*** Begin section ***
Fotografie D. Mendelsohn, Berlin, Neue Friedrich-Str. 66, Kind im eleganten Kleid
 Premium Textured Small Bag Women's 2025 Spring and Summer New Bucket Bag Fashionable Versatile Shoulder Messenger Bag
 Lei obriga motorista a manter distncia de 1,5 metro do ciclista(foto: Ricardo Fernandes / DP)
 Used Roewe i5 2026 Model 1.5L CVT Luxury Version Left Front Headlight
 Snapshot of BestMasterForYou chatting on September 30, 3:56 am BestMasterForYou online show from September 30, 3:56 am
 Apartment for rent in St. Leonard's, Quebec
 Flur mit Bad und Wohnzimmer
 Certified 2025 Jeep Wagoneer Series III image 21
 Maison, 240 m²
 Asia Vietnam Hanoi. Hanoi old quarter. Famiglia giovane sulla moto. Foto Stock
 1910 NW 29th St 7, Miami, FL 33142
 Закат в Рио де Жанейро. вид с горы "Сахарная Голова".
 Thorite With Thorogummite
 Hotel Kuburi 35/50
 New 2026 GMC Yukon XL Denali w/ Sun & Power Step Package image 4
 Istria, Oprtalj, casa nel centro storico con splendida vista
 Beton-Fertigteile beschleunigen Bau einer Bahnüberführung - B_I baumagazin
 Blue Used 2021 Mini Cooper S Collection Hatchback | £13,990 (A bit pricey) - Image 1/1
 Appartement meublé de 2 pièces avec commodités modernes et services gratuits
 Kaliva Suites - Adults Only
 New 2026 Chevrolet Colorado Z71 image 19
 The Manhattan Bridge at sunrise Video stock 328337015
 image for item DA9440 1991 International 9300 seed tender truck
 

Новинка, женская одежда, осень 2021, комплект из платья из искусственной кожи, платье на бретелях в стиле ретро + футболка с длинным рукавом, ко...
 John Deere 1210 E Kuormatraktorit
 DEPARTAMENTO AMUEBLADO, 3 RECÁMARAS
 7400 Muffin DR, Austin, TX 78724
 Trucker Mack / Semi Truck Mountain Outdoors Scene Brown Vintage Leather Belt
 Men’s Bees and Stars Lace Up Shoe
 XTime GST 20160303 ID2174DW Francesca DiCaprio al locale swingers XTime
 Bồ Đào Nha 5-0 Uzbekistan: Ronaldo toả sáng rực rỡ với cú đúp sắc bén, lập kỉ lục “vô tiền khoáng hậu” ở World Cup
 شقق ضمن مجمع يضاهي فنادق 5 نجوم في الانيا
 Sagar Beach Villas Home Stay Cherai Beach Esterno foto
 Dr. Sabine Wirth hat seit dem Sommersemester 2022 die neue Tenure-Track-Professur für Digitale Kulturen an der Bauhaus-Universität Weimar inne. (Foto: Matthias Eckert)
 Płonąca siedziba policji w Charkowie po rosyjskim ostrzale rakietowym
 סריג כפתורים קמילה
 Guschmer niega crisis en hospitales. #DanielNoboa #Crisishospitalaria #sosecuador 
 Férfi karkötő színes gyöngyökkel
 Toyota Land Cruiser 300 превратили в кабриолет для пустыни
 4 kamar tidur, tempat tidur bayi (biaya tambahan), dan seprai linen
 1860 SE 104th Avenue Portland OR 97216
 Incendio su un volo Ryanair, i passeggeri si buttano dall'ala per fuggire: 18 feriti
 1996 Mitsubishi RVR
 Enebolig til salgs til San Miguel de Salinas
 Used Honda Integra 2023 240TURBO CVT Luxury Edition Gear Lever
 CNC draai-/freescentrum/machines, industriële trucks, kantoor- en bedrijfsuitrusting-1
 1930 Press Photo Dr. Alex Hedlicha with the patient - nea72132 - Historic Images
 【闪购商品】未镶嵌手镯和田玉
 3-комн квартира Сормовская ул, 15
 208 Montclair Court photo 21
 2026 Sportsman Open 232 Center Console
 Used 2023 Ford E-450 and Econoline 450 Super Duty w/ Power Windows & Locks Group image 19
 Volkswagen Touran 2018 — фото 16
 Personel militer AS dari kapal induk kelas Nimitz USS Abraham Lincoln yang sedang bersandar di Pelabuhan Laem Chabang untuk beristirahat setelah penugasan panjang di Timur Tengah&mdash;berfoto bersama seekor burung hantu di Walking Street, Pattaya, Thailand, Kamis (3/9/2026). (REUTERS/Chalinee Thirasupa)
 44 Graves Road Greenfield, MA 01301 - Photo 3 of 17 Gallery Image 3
*** End section ***
▶ **Exercise details**
Reproduce each entry in the listing character for character.

▶ **Response to this exercise**
Fotografie D. Mendelsohn, Berlin, Neue Friedrich-Str. 66, Kind im eleganten Kleid
 Premium Textured Small Bag Women's 2025 Spring and Summer New Bucket Bag Fashionable Versatile Shoulder Messenger Bag
 Lei obriga motorista a manter distncia de 1,5 metro do ciclista(foto: Ricardo Fernandes / DP)
 Used Roewe i5 2026 Model 1.5L CVT Luxury Version Left Front Headlight
 Snapshot of BestMasterForYou chatting on September 30, 3:56 am BestMasterForYou online show from September 30, 3:56 am
 Apartment for rent in St. Leonard's, Quebec
 Flur mit Bad und Wohnzimmer
 Certified 2025 Jeep Wagoneer Series III image 21
 Maison, 240 m²
 Asia Vietnam Hanoi. Hanoi old quarter. Famiglia giovane sulla moto. Foto Stock
 1910 NW 29th St 7, Miami, FL 33142
 Закат в Рио де Жанейро. вид с горы "Сахарная Голова".
 Thorite With Thorogummite
 Hotel Kuburi 35/50
 New 2026 GMC Yukon XL Denali w/ Sun & Power Step Package image 4
 Istria, Oprtalj, casa nel centro storico con splendida vista
 Beton-Fertigteile beschleunigen Bau einer Bahnüberführung - B_I baumagazin
 Blue Used 2021 Mini Cooper S Collection Hatchback | £13,990 (A bit pricey) - Image 1/1
 Appartement meublé de 2 pièces avec commodités modernes et services gratuits
 Kaliva Suites - Adults Only
 New 2026 Chevrolet Colorado Z71 image 19
 The Manhattan Bridge at sunrise Video stock 328337015
 image for item DA9440 1991 International 9300 seed tender truck
 

Новинка, женская одежда, осень 2021, комплект из платья из искусственной кожи, платье на бретелях в стиле ретро + футболка с длинным рукавом, ко...
 John Deere 1210 E Kuormatraktorit
 DEPARTAMENTO AMUEBLADO, 3 RECÁMARAS
 7400 Muffin DR, Austin, TX 78724
 Trucker Mack / Semi Truck Mountain Outdoors Scene Brown Vintage Leather Belt
 Men’s Bees and Stars Lace Up Shoe
 XTime GST 20160303 ID2174DW Francesca DiCaprio al locale swingers XTime
 Bồ Đào Nha 5-0 Uzbekistan: Ronaldo toả sáng rực rỡ với cú đúp sắc bén, lập kỉ lục “vô tiền khoáng hậu” ở World Cup
 شقق ضمن مجمع يضاهي فنادق 5 نجوم في الانيا
 Sagar Beach Villas Home Stay Cherai Beach Esterno foto
 Dr. Sabine Wirth hat seit dem Sommersemester 2022 die neue Tenure-Track-Professur für Digitale Kulturen an der Bauhaus-Universität Weimar inne. (Foto: Matthias Eckert)
 Płonąca siedziba policji w Charkowie po rosyjskim ostrzale rakietowym
 סריג כפתורים קמילה
 Guschmer niega crisis en hospitales. #DanielNoboa #Crisishospitalaria #sosecuador 
 Férfi karkötő színes gyöngyökkel
 Toyota Land Cruiser 300 превратили в кабриолет для пустыни
 4 kamar tidur, tempat tidur bayi (biaya tambahan), dan seprai linen
 1860 SE 104th Avenue Portland OR 97216
 Incendio su un volo Ryanair, i passeggeri si buttano dall'ala per fuggire: 18 feriti
 1996 Mitsubishi RVR
 Enebolig til salgs til San Miguel de Salinas
 Used Honda Integra 2023 240TURBO CVT Luxury Edition Gear Lever
 CNC draai-/freescentrum/machines, industriële trucks, kantoor- en bedrijfsuitrusting-1
 1930 Press Photo Dr. Alex Hedlicha with the patient - nea72132 - Historic Images
 【闪购商品】未镶嵌手镯和田玉
 3-комн квартира Сормовская ул, 15
 208 Montclair Court photo 21
 2026 Sportsman Open 232 Center Console
 Used 2023 Ford E-450 and Econoline 450 Super Duty w/ Power Windows & Locks Group image 19
 Volkswagen Touran 2018 — фото 16
 Personel militer AS dari kapal induk kelas Nimitz USS Abraham Lincoln yang sedang bersandar di Pelabuhan Laem Chabang untuk beristirahat setelah penugasan panjang di Timur Tengah&mdash;berfoto bersama seekor burung hantu di Walking Street, Pattaya, Thailand, Kamis (3/9/2026). (REUTERS/Chalinee Thirasupa)
 44 Graves Road Greenfield, MA 01301 - Photo 3 of 17 Gallery Image 3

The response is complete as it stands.